TASK STATEMENT |
Output the listing exactly, without its pictures.

DATA PROVIDED |
------------------------------------------------------------

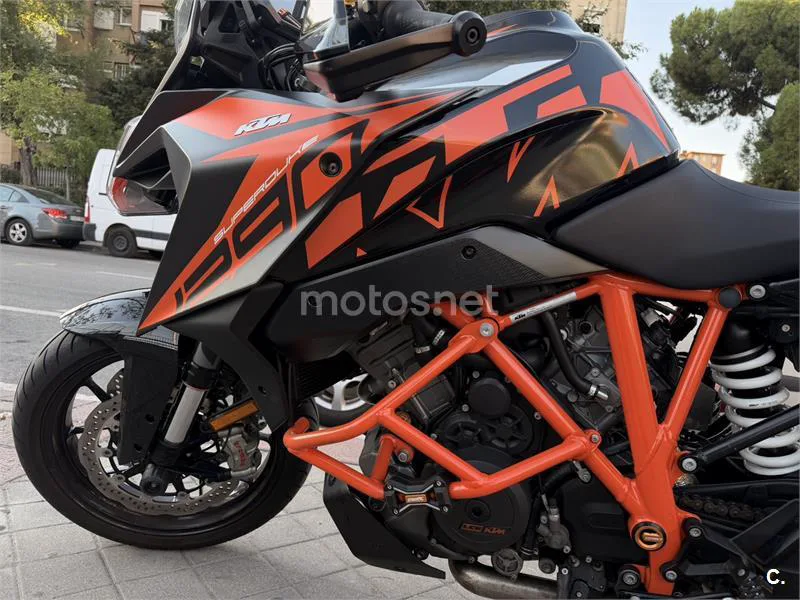 KTM 1290 Super Duke GT - Vista 5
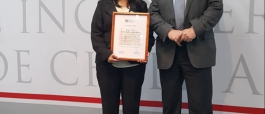Alumna de Ingeniería Civil Industrial recibe premio de Camara de Diputados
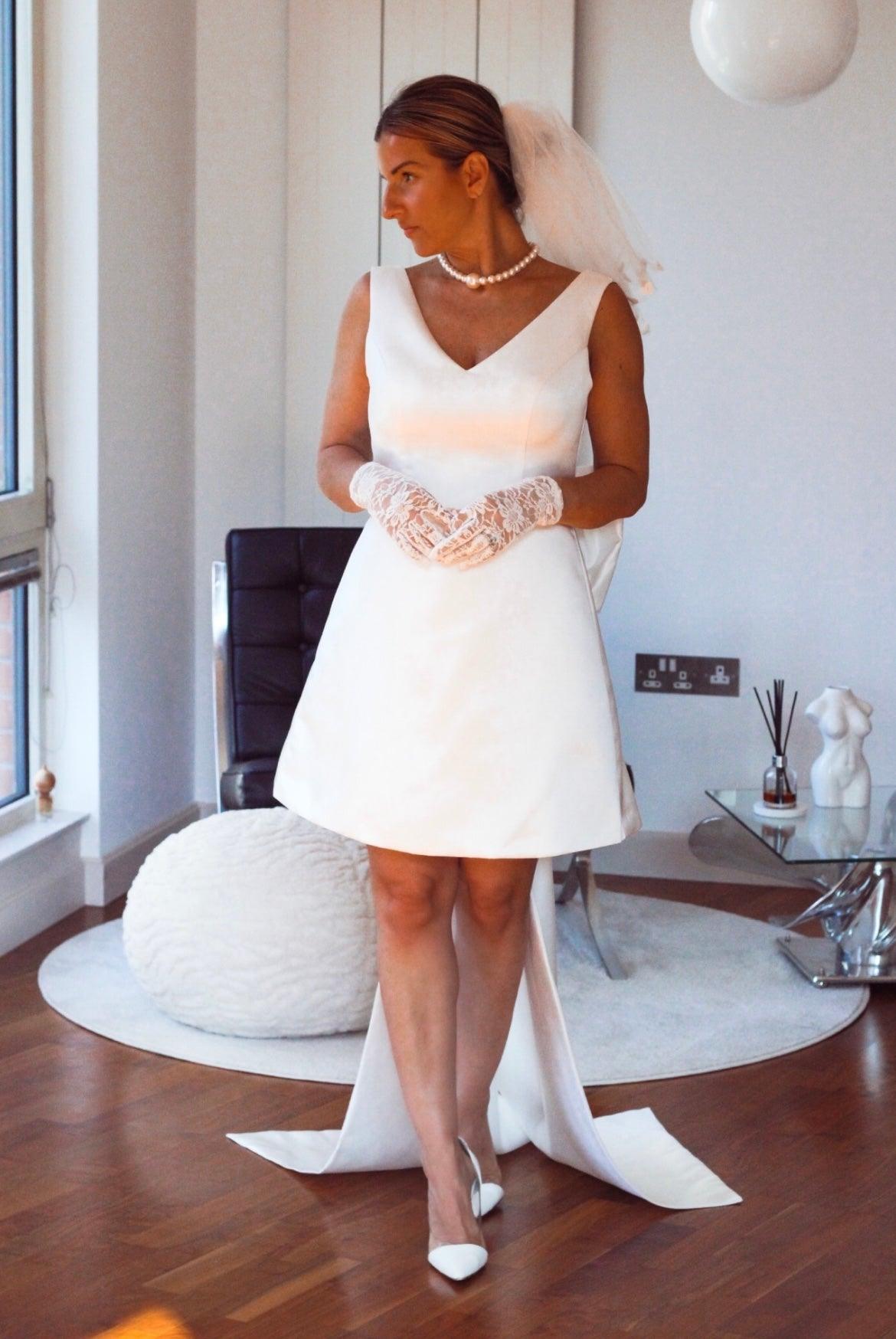Bow Mini Wedding Dress - Velo Bianco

------------------------------------------------------------

ANSWER TO THIS EXERCISE |
 KTM 1290 Super Duke GT - Vista 5
Alumna de Ingeniería Civil Industrial recibe premio de Camara de Diputados
Bow Mini Wedding Dress - Velo Bianco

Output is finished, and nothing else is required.